HYPOTHESIS | doi:10.20944/preprints202003.0134.v1
Subject: Social Sciences, Gender And Sexuality Studies Keywords: nature and nurture of sexual orientation; development of sexual orientation; Puberty; Voice and sexual orientation; causes of sexual orientation; MGN and sexual orientation; biology of sexual orientation
Online: 8 March 2020 (05:11:50 CET)
A testable theoretical model is presented, proposing which brain parts and mechanisms are responsible for the nature and the nurture components of all human sexual orientations. The model integrates observations from humans and a wide range of animals. If validated, the model would provide a proximate explanation of the biological substrates of all sexual orientations. The basic assumptions of the model are: (1) Children learn automatically and subconsciously in non-sexual conditioning experiences cues for recognizing sexual mates. That skill emerges at puberty. (2) Adults in the child’s surroundings act as innocuous, unaware role-models that provide the learned cues for recognizing mates. (3) Voices of men and women serve as the innate, primary unconditioned stimuli (US) in that learning process. (4) The hypothalamus is the main area that elicits the signals of the unconditioned responses (UR).
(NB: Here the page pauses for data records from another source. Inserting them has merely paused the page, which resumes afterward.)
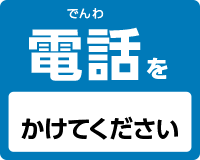 電話をかけてください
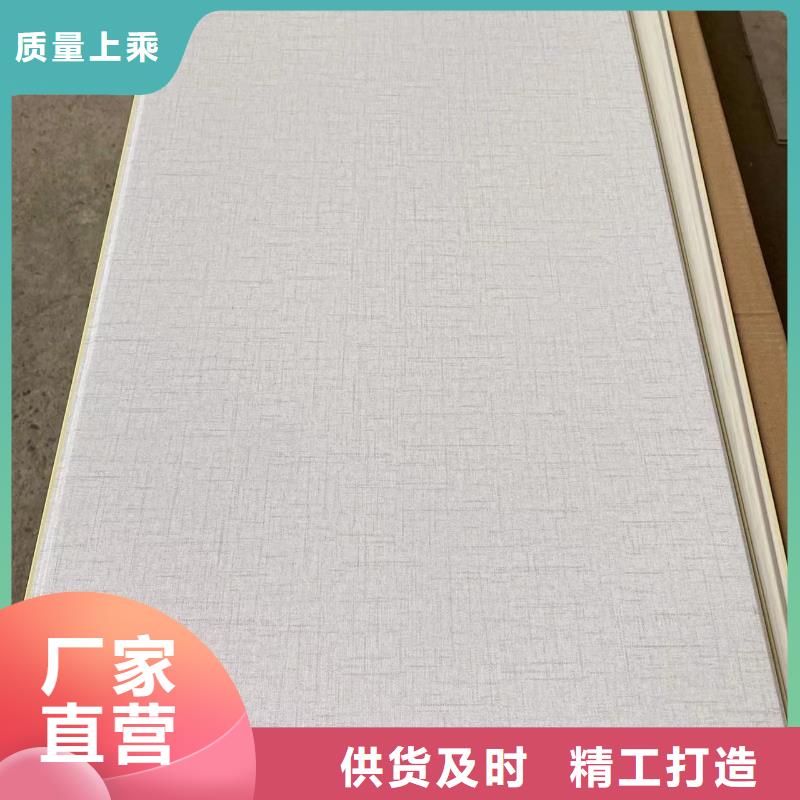 乐东县有现货的护墙板批发厂家产品优良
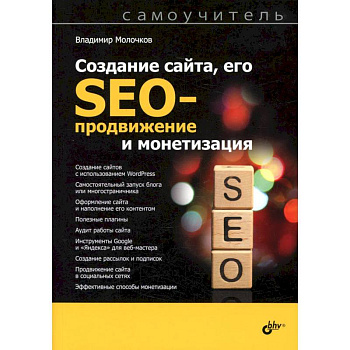Создание сайта, его SEO-продвижение и монетизация. Самоучитель Создание сайта, его SEO-продвижение и монетизация. Самоучитель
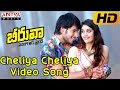 Cheliya Cheliya Full Video Song - Beeruva Video Songs - Sandeep Kishan,Surabhi
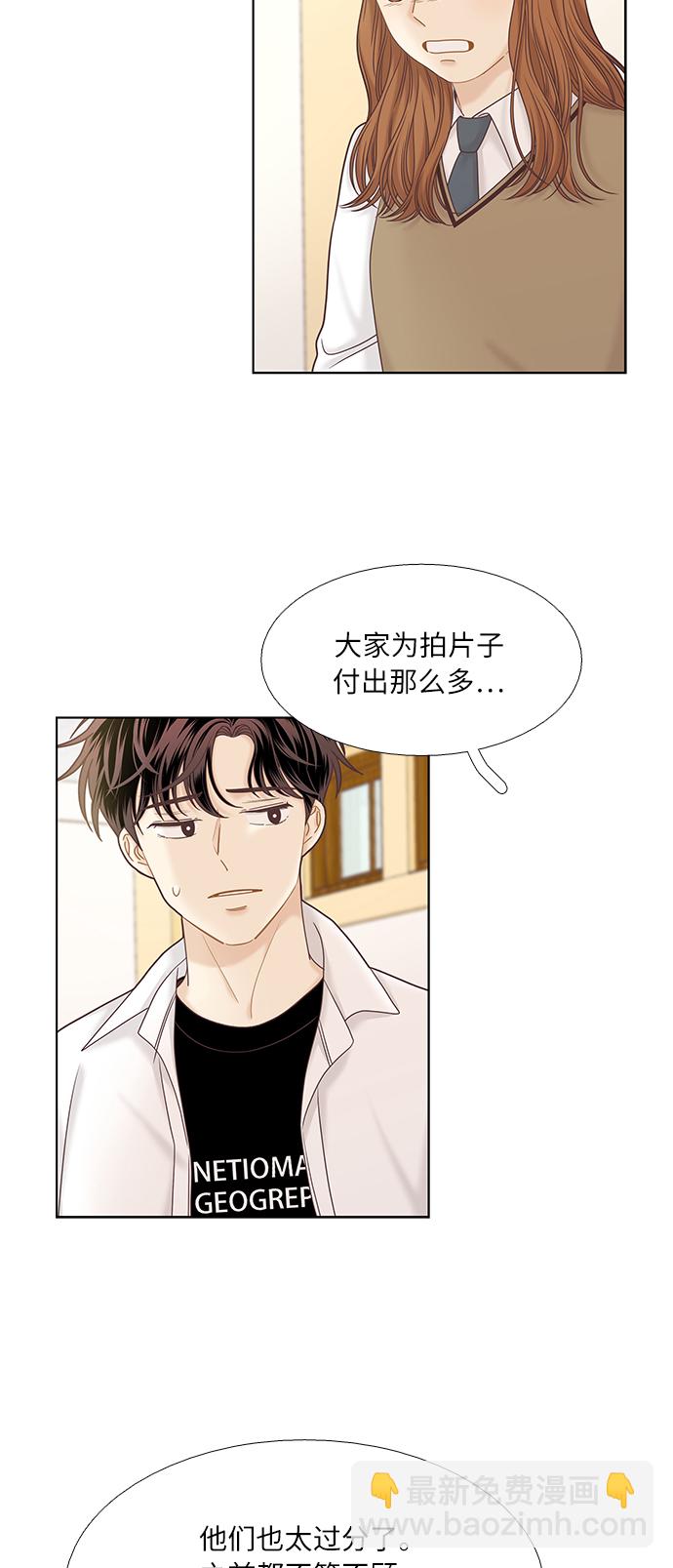 🍱少女的世界 [第二季] 第48话 第38页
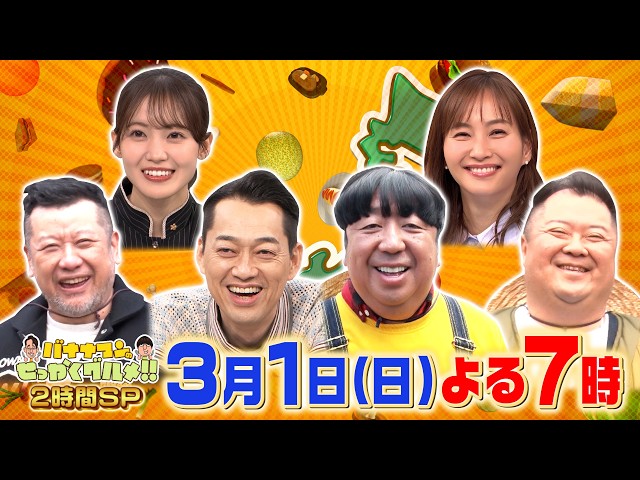 バナナマンのせっかくグルメ★福岡２時間SP！日村＆ケンコバ＆小杉が夢の爆食旅🈑🈓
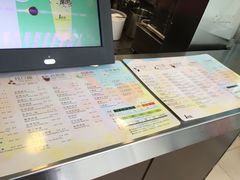 -1点点(银座和谐广场店)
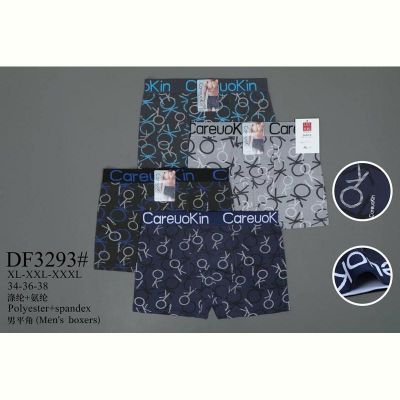 Трусы ALIA DF3293 mix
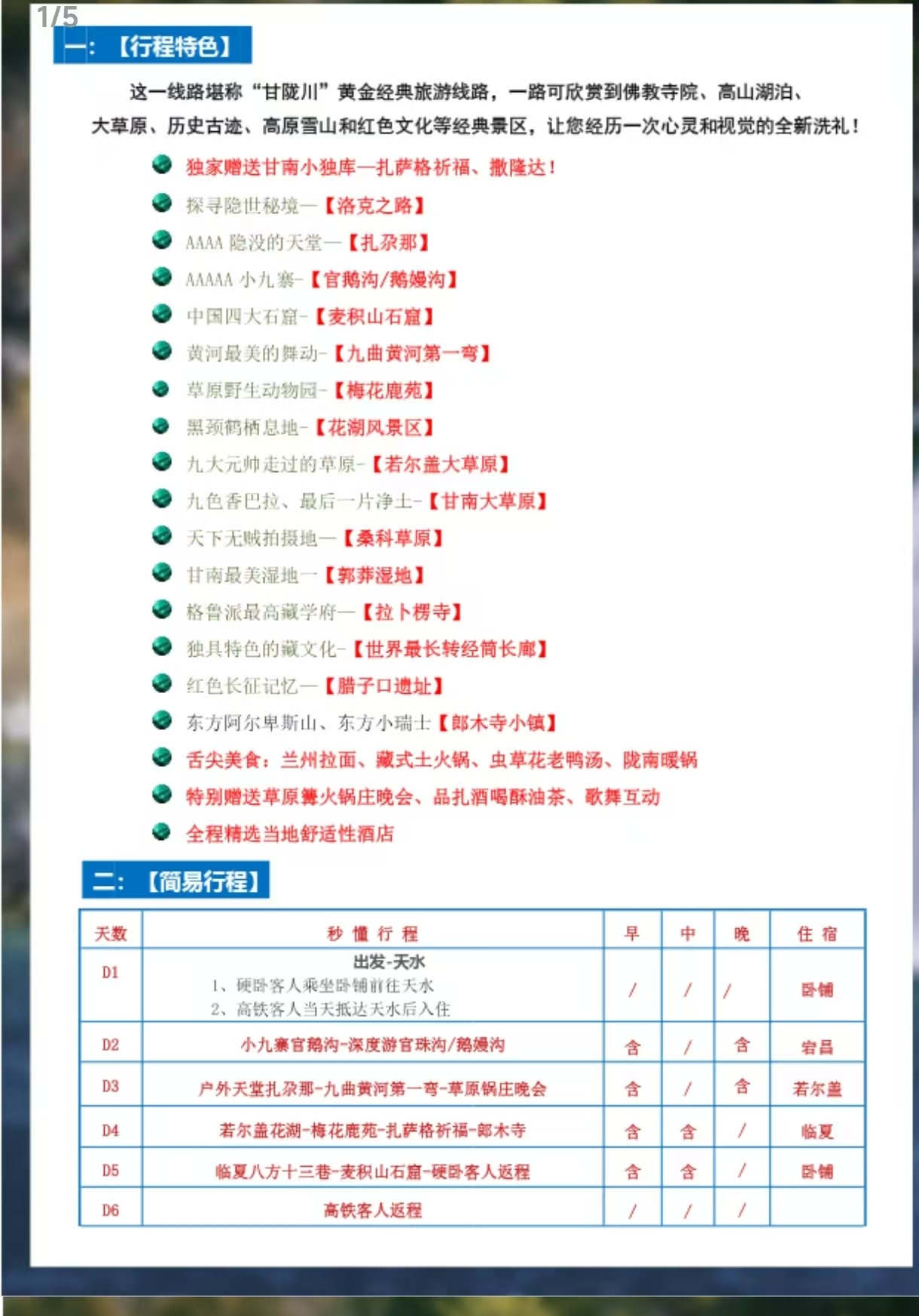 介绍.jpg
Those signals trigger the learning of the associated conditioned stimuli (CS) broadcasted by the role-models. (5) The amygdala, base nuclei of the Stria Terminalis (bnST) and hypothalamus play in humans similar roles to those they play in the other species. (6) The human medial geniculate nucleus (MGN) plays the roles played by the olfactory bulbs in rodents. (7) Detectors of innate primary US and activators of the unconditioned sexual responses (UR) are located in the MGN, Amygdala, bnST and Hypothalamus Axis (MASHA). The learned conditioned stimuli (CS) are recorded in the MASHA and in cortical areas. (8) The innate US-UR connections vary across three groups of children. In the first group, only men’s voices trigger the UR. In the second group, only women’s voices trigger the UR, and in a third group each voice can trigger the UR. That determines the learned cues. The first group will be attracted at puberty only to men, the second only to women, and the third group to both.